Fortunately, the problem can be solved. It turns out that the function $f$ above must be unique. The reason is that the equation $\dot x= f(q,\dot q,t)$ must hold for all possible paths $q(t)$, and, for every triplet of values $(u_1,u_2.u_3)$, it is always possible to find a path $q(t)$ such that $q(t)=u_1$ and $q'(t)=u_2$, for $t=x_3$. This implies that $f$ is uniquely determined by the requirement $\dot x= f(q,\dot q,t)$, it must be the function given above. This argument can be generalized to any number of generalized coordinates, and it also follows that $\partial L/\partial \dot q$ will be meaningful and unique.

But it is not trivial to find and prove this. I was very confused when I read Goldstein the first time, and I wondered how on Earth one could differentiate wrt $\dot q$. It took a while until I found the "proof" above. I think it is the author's job to do this, not the reader's.

 

[Bill_K]

Erland, The reason you're confused is that you've made a crucial change in the notation. The aim is to describe the transformation between Cartesian coordinates and generalized coordinates. To do this you need to express x and v in terms of q and q^·. The transformation of the position is given by x(q, t). The transformation of the velocity is v(q^·, q, t):

v = (∂x/∂q) q^· + ∂x/∂t

The mistake you've made is calling the left hand side x^·, which it is not.

 

[Erland]

Erland, The reason you're confused is that you've made a crucial change in the notation. The aim is to describe the transformation between Cartesian coordinates and generalized coordinates. To do this you need to express x and v in terms of q and q^·. The transformation of the position is given by x(q, t). The transformation of the velocity is v(q^·, q, t):

v = (∂x/∂q) q^· + ∂x/∂t

The mistake you've made is calling the left hand side x^·, which it is not.

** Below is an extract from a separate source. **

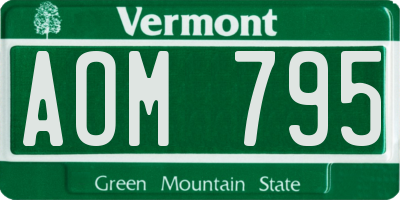 VT license plate AOM795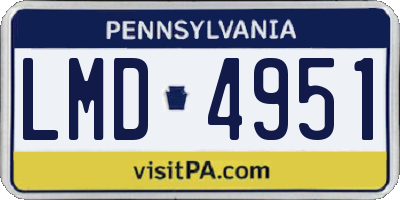 PA license plate LMD4951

But $v=\dot x$, by definition (at least according to Goldstein, 3rd ed, p. 18, eq. 1.46), so I don't understand what difference it makes to use v instead.

 

[Bill_K]

The difference is the functional dependence. In the Lagrangian formulation, position and velocity are regarded as independent variables. x(q, t) and x^· are functions of two variables q and t, and therefore do not depend on q^·. But v(q^·, q, t) is a function of three variables and does depend on q^·.

Similarly, when you get to the Lagrangian L(q, q^·, t) one could argue it's all just a function of one variable q(t). But the functional form is crucial. One must treat q^· as an independent variable and L as a function of all three variables.

 

[Erland]

OK, but then the question arises: what does the functional dependence $v=v(q, \dot q, t)$ look like? The only way to determine this is to use the condition $v(q(t),\dot q(t),t)=\dot x(t)$. But then, what if there is a different function $w=(q, \dot q,t)$ which also satisfies $w(q(t),\dot q(t),t)=\dot x(t)$, but for which
$\partial v/ \partial \dot q\ne \partial w/\partial\dot q$. Whch of the two latter quantities is then the correct one to use? There seems to be no way to decide this.
It is therefore important to prove that $v=v(q, \dot q, t)$ is uniquely defined by the condition $v(q(t),\dot q(t),t)=\dot x(t)$. I do that in my first post, but I think Goldstein (and other textbook writers) should do this job.